- SUPPLIED MATERIAL -
====================

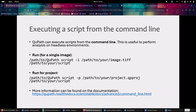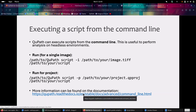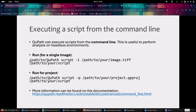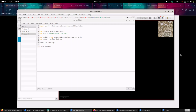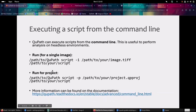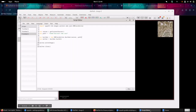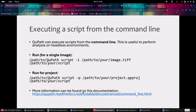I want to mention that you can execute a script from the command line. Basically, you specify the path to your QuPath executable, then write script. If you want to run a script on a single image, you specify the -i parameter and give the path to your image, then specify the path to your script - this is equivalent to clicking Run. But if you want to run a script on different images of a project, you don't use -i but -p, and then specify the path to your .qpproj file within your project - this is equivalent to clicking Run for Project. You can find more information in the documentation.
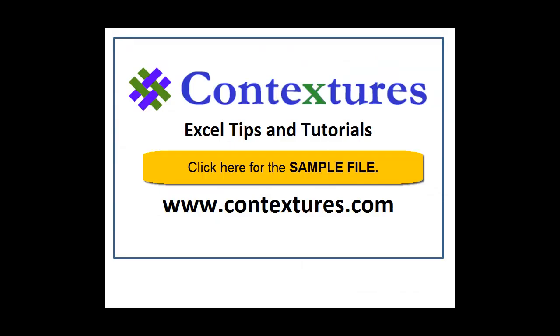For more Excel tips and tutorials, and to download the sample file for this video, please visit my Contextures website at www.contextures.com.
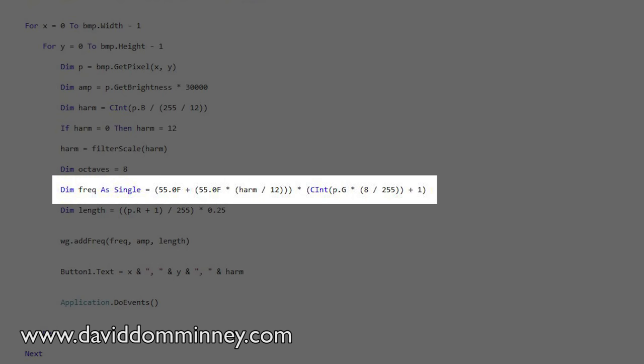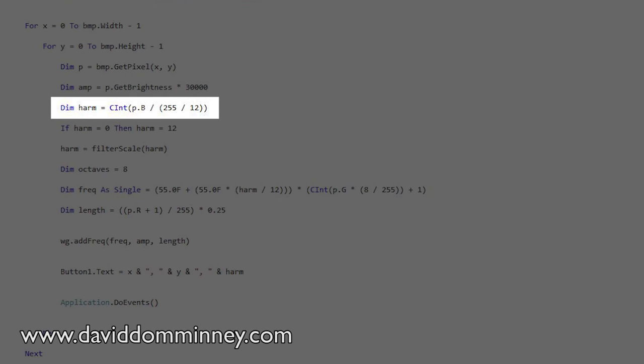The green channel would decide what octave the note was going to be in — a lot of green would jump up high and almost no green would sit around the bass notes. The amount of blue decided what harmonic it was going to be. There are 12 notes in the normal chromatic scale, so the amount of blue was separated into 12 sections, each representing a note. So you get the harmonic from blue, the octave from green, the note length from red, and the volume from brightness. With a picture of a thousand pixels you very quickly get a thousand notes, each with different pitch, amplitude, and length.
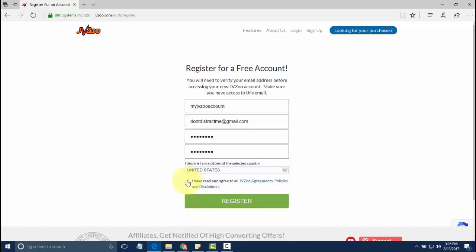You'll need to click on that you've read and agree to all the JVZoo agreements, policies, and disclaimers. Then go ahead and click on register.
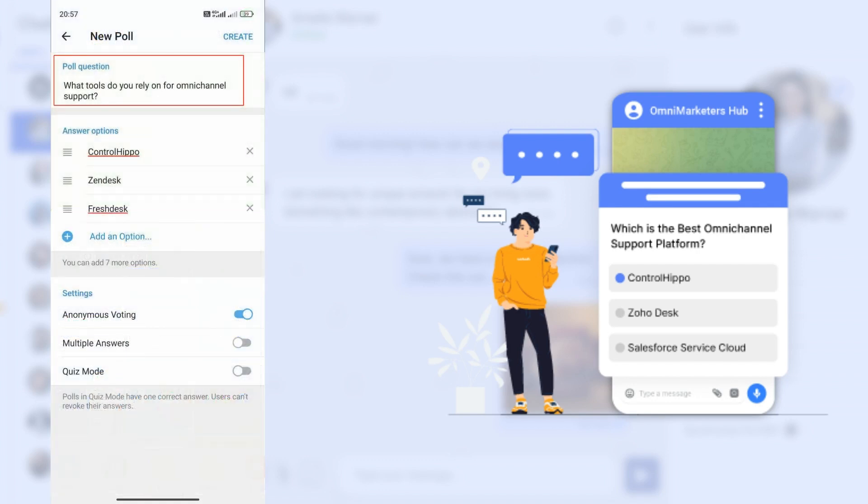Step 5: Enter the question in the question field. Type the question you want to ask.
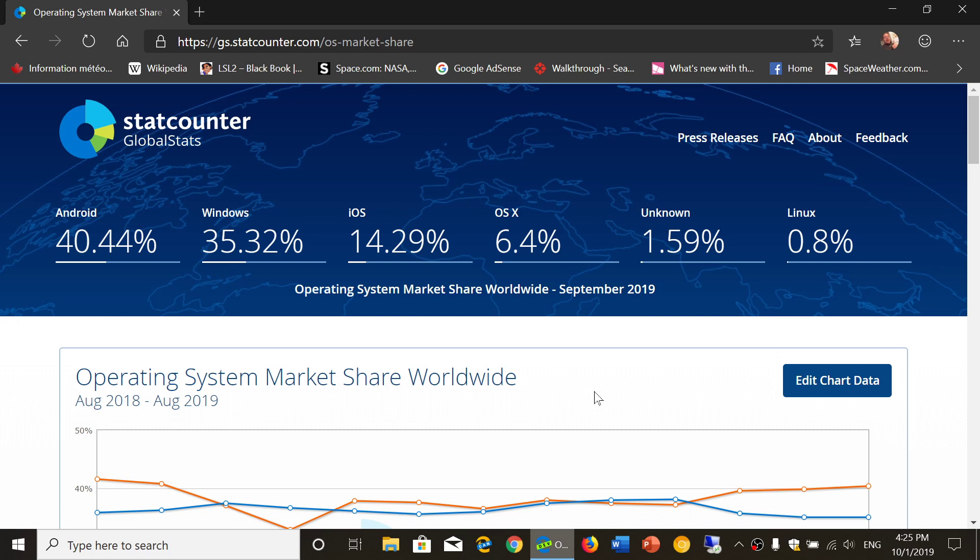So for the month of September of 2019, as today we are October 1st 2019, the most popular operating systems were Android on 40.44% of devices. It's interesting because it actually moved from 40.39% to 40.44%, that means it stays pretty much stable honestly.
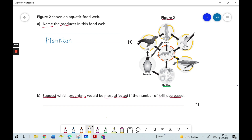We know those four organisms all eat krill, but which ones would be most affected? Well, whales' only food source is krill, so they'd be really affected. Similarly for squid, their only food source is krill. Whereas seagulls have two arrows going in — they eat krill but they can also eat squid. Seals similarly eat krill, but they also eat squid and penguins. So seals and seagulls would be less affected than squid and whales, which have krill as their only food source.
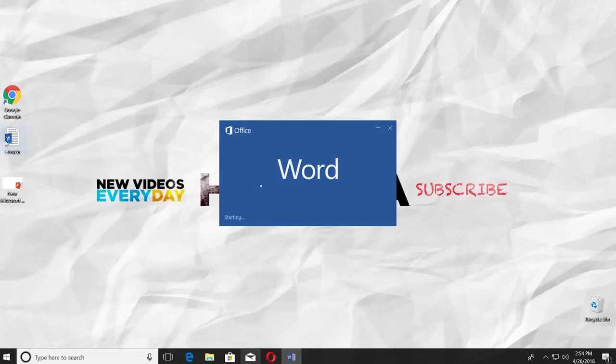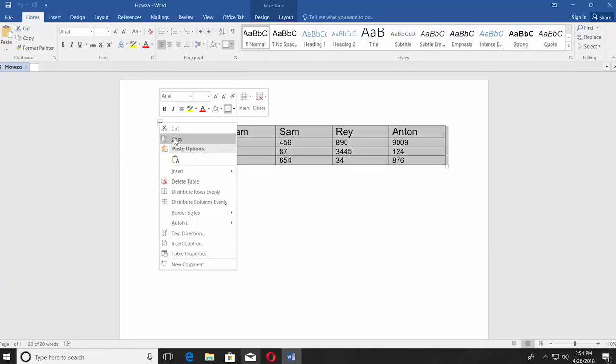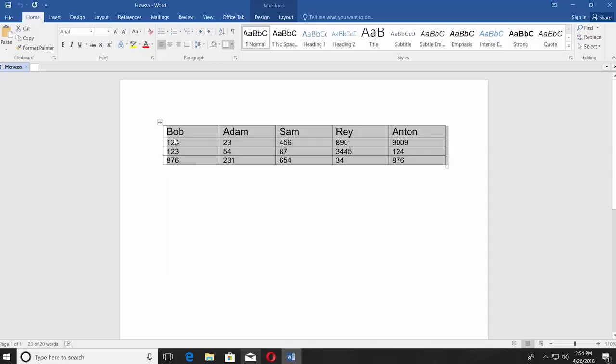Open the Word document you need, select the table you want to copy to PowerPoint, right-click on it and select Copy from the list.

====================

- WHAT THIS TASK INVOLVES -
Print everything from the line with "You'll need to" down to the line with "So for the month" in the entries above, both lines included and nothing more, without the pictures.

- RESULT BELOW -
You'll need to click on that you've read and agree to all the JVZoo agreements, policies, and disclaimers. Then go ahead and click on register.
Step 5: Enter the question in the question field. Type the question you want to ask.
So for the month of September of 2019, as today we are October 1st 2019, the most popular operating systems were Android on 40.44% of devices. It's interesting because it actually moved from 40.39% to 40.44%, that means it stays pretty much stable honestly.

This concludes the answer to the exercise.